You’ve heard a variety of reasons why November’s roads and transit ballot measure failed.
“The package cost too much.” “There were too many roads or there was too much transit.” And the apocalyptic prediction from the Sierra Club that Proposition 1 will lead to more global warming and the demise of more polar bears.
Instead, the answer is much simpler. Prop. 1 failed because it did not provide the one solution voters want most: traffic relief. The architects of Prop. 1 wanted to spend $47 billion in the name of transportation policy, but experts estimated congestion would double by 2030, with or without Prop 1.
Voters had an easy choice. They could either spend $47 billion and double congestion, or not spend $47 billion and double congestion. Quite logically, voters decided to save their money.
So where do we go from here?
Policy makers are sure to propose a new plan. Whether it’s another regional approach or a more segregated model where local agencies are left to themselves, our research indicates a winning transportation policy must be based on certain core principles. Among these are:
1) Spending for transportation should be tied to congestion relief. 2) Efficiency is also important, and the space between cost and benefits should be small. 3) Finally, as with a business, investments should follow market demand.
It may surprise you to learn that congestion relief is not a policy goal or an “investment guideline” in Washington state. There are no policy statements, benchmarks or required performance measures that link transportation projects to traffic relief for drivers.
In fact, the state Auditor’s Office found that spending on transportation projects is not based on congestion relief. Instead, the money is spent on “other agendas.”
Prop. 1 failed because of its close relationship to these “other agendas.” Policy makers are scrambling for direction, but it should not be surprising that traffic congestion continues to worsen, because they spend money on things that have no effect on reducing it. Prop. 1 continued this pattern. Until policy makers present a plan that links spending with traffic relief, the public will continue to withhold support.
The state already plans to spend nearly $6 billion for transportation over the next two years. Asking to spend more, whether at the state level or from special districts, must be contingent on congestion relief.
Policy makers should also judge future investments on whether the resources are based on what people are choosing to use.
In economics, supply is a function of demand. This means a willingness to use a service must exist before a supply of that service is created. Boeing does not make 300 airplanes knowing it will only sell 100.
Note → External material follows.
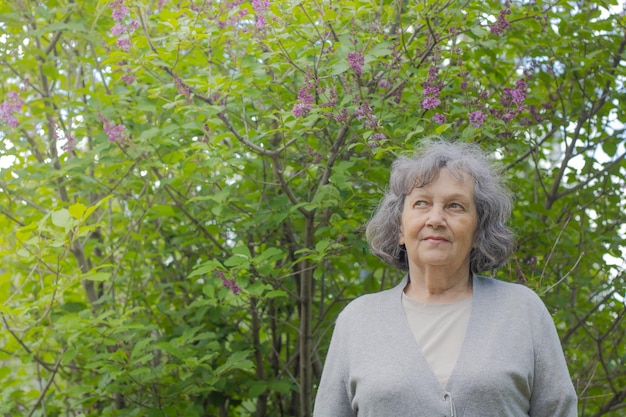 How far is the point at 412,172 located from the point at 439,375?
56 cm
Likewise, governments should not spend a disproportionate amount of taxes in low-demand sectors, where the willingness to use the service does not justify the investment.
European transit systems are a good example of how these economic concepts apply.
In Switzerland, for example, light rail is successful, not because of the amount of service or infrastructure, but because the country has certain demographic and economic characteristics that induce demand.
In other words, there is an existing market with a customer base, and Swiss policy makers responded with proportional infrastructure investments. As a result, mode share, ridership and fare box recovery are high.
Here in Washington, transit resources are distributed in just the opposite way.
Under the “build it, and they will come” theory, many policy makers think that increasing the supply of transit will somehow create more public demand. This approach is failing because Washington cities do not possess the underlying demographic or economic characteristics that create enough voluntary consumers for light rail.
Despite years of spending increases, the share of commuters using public transit in Seattle actually fell to 6.8 percent in 2000 from 7.5 percent in 1980.
Using market principles shows that building excess transit capacity before there is a willingness to use it leads to an underperforming system. As a result, mode share, ridership and fare box recovery are low and the space between costs and benefits is high.
Mobility is a fundamental principle in transportation, and policies that infringe on this freedom threaten people’s ability to live and work where they choose. Policy makers should keep these values in mind if they expect voters to support a transportation package in the future.
Michael Ennis is director of the Center for Transportation at Washington Policy Center, a non-partisan public policy research organization in Seattle and Olympia (washingtonpolicy.org).